Multimedia Information Retrieval

The past decade has seen the rapid proliferation of low-priced devices for recording image, audio, and video data in nearly unlimited quantity. Multimedia is Big Data, not only in terms of their volume, but also with respect to their heterogeneous nature. This creates new challenges for the management of multimedia collections and for searching within multimedia collections beyond well established keyword search based on manual annotations.

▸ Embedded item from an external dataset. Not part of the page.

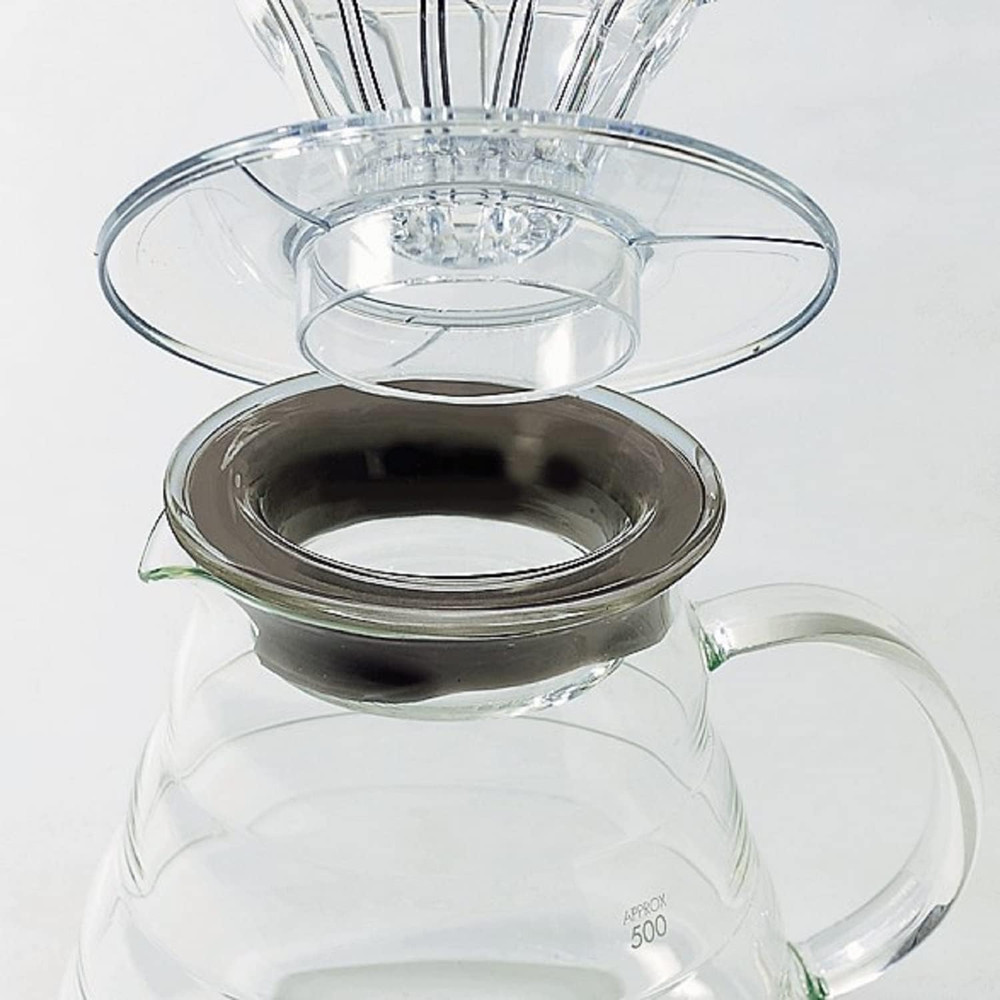 Hario V60 Glass Range Coffee Server, 600Ml, Clear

Work at the Databases and Information Systems Group in the research area Multimedia Information Retrieval addresses the following challenges, and is worked on in the context of prototype systems, the most prominent one being vitrivr:

  1. Sketch-based Retrieval: Most current approaches to image retrieval rely on either keywords (that will be evaluated against mainly manually provided metadata) or dedicated query objects (query-by-example). In our work, we consider query-by-sketch, an approach that allows users to specify (parts) of the image they search for on the basis of a color and/or edge sketch. Particular attention will be given to user interfaces and devices, partial matches, invariances in terms of rotation, displacement, scale, etc.
  2. Data management, metadata management, and indexing for large multimedia collections: Multimedia collections are usually very big in size and can, at the same time, be quite heterogeneous. This includes both the actual content but also the metadata which can be, depending on the features considered, highly sophisticated (i.e., high dimensional). In our work, which aims at seamlessly integrating concepts from database systems and from information retrieval systems, we support both structured and unstructured data and metadata, different retrieval modes, different indexing approaches and also different approaches to data distribution and replication to best support a broad range of multimedia queries. Our Cottontail DB system seamlessly combines several index structures and that provides so-called progressive queries, an approach which is tailored to similarity search in very large multimedia collections.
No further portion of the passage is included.